_Problem statement_.
Output the line that contains "Strong bald eagle, head", then every line beneath it through the end of the records, exactly as given and with no other lines.

_Information shown_.
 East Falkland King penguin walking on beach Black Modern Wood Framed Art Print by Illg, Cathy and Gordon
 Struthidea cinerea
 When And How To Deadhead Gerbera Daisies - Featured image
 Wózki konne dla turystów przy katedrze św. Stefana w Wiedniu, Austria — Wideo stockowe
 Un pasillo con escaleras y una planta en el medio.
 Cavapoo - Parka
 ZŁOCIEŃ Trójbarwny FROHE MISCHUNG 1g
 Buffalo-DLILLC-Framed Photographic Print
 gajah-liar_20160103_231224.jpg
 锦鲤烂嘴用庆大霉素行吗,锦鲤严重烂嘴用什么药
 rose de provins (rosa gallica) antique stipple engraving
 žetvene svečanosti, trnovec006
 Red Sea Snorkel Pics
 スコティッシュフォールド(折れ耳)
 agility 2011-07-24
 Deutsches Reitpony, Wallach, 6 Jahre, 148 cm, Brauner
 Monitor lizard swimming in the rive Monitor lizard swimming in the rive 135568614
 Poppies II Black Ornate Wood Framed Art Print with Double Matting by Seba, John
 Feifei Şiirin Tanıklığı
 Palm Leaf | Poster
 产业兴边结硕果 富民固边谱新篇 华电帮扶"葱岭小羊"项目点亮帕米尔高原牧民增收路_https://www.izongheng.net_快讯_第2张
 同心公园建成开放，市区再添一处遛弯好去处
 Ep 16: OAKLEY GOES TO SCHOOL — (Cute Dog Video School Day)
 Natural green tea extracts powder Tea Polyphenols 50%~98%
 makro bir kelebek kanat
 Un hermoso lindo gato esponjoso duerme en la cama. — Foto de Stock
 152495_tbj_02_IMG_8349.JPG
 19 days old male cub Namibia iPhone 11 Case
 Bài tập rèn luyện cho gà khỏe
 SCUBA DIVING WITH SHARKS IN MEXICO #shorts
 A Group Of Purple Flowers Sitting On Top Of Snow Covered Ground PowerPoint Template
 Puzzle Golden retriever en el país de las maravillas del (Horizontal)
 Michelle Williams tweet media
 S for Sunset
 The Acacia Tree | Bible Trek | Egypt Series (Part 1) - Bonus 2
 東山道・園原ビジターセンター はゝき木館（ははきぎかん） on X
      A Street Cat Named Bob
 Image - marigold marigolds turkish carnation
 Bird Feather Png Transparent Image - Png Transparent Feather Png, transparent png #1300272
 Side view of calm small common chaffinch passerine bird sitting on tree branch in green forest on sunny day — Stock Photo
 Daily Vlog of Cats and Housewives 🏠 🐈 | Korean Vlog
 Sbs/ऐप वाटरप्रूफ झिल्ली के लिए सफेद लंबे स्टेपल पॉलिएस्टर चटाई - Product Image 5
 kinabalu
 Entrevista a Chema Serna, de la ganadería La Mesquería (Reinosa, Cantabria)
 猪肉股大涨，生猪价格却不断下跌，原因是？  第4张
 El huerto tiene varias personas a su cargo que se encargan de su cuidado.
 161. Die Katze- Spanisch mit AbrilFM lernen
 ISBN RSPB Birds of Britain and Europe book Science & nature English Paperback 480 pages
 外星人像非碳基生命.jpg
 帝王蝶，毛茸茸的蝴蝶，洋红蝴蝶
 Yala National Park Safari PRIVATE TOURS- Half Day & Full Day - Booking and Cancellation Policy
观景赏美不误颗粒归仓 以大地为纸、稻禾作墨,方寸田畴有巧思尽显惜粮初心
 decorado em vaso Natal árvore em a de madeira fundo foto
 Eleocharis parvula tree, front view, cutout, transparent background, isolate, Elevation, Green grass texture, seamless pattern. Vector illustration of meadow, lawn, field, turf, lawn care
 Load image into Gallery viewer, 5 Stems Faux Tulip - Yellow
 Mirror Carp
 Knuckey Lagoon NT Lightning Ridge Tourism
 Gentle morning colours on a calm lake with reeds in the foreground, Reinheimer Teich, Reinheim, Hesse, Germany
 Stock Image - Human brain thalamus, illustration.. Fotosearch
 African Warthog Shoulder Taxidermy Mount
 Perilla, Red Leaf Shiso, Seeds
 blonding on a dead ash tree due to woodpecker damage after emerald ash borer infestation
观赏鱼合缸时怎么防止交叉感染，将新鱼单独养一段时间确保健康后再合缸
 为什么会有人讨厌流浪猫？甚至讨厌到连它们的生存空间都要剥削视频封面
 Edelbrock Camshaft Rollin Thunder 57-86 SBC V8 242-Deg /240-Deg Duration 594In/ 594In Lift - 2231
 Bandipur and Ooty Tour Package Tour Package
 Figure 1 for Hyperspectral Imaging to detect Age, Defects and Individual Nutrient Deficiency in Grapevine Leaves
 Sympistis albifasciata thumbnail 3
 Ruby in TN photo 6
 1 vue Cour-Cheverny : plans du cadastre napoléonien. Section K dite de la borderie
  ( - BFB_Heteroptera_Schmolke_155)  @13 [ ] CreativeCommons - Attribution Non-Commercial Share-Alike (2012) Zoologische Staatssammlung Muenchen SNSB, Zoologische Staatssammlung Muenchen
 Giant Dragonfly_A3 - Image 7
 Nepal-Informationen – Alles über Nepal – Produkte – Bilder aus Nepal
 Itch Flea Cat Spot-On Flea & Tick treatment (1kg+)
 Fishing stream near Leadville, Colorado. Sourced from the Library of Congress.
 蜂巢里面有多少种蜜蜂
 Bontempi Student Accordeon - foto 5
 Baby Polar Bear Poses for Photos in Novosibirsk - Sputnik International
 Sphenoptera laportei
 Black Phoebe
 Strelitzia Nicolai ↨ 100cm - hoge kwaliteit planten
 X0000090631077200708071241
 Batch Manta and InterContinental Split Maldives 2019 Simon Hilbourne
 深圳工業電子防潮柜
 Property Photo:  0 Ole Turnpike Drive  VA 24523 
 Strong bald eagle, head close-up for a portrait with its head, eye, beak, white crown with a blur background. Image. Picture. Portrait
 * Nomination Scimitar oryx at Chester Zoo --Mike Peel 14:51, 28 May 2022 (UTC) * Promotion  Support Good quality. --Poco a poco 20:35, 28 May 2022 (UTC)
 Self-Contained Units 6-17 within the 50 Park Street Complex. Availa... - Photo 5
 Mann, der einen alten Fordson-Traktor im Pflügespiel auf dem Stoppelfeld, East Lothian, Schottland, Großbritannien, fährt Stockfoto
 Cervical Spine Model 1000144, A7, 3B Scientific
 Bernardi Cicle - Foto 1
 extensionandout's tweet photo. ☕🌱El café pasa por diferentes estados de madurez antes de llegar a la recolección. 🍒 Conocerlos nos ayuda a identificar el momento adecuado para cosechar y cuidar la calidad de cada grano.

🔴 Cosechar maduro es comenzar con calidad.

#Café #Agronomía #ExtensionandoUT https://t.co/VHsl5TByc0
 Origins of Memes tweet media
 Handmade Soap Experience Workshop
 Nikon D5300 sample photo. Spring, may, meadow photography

_Answer section_.
 Strong bald eagle, head close-up for a portrait with its head, eye, beak, white crown with a blur background. Image. Picture. Portrait
 * Nomination Scimitar oryx at Chester Zoo --Mike Peel 14:51, 28 May 2022 (UTC) * Promotion  Support Good quality. --Poco a poco 20:35, 28 May 2022 (UTC)
 Self-Contained Units 6-17 within the 50 Park Street Complex. Availa... - Photo 5
 Mann, der einen alten Fordson-Traktor im Pflügespiel auf dem Stoppelfeld, East Lothian, Schottland, Großbritannien, fährt Stockfoto
 Cervical Spine Model 1000144, A7, 3B Scientific
 Bernardi Cicle - Foto 1
 extensionandout's tweet photo. ☕🌱El café pasa por diferentes estados de madurez antes de llegar a la recolección. 🍒 Conocerlos nos ayuda a identificar el momento adecuado para cosechar y cuidar la calidad de cada grano.

🔴 Cosechar maduro es comenzar con calidad.

#Café #Agronomía #ExtensionandoUT https://t.co/VHsl5TByc0
 Origins of Memes tweet media
 Handmade Soap Experience Workshop
 Nikon D5300 sample photo. Spring, may, meadow photography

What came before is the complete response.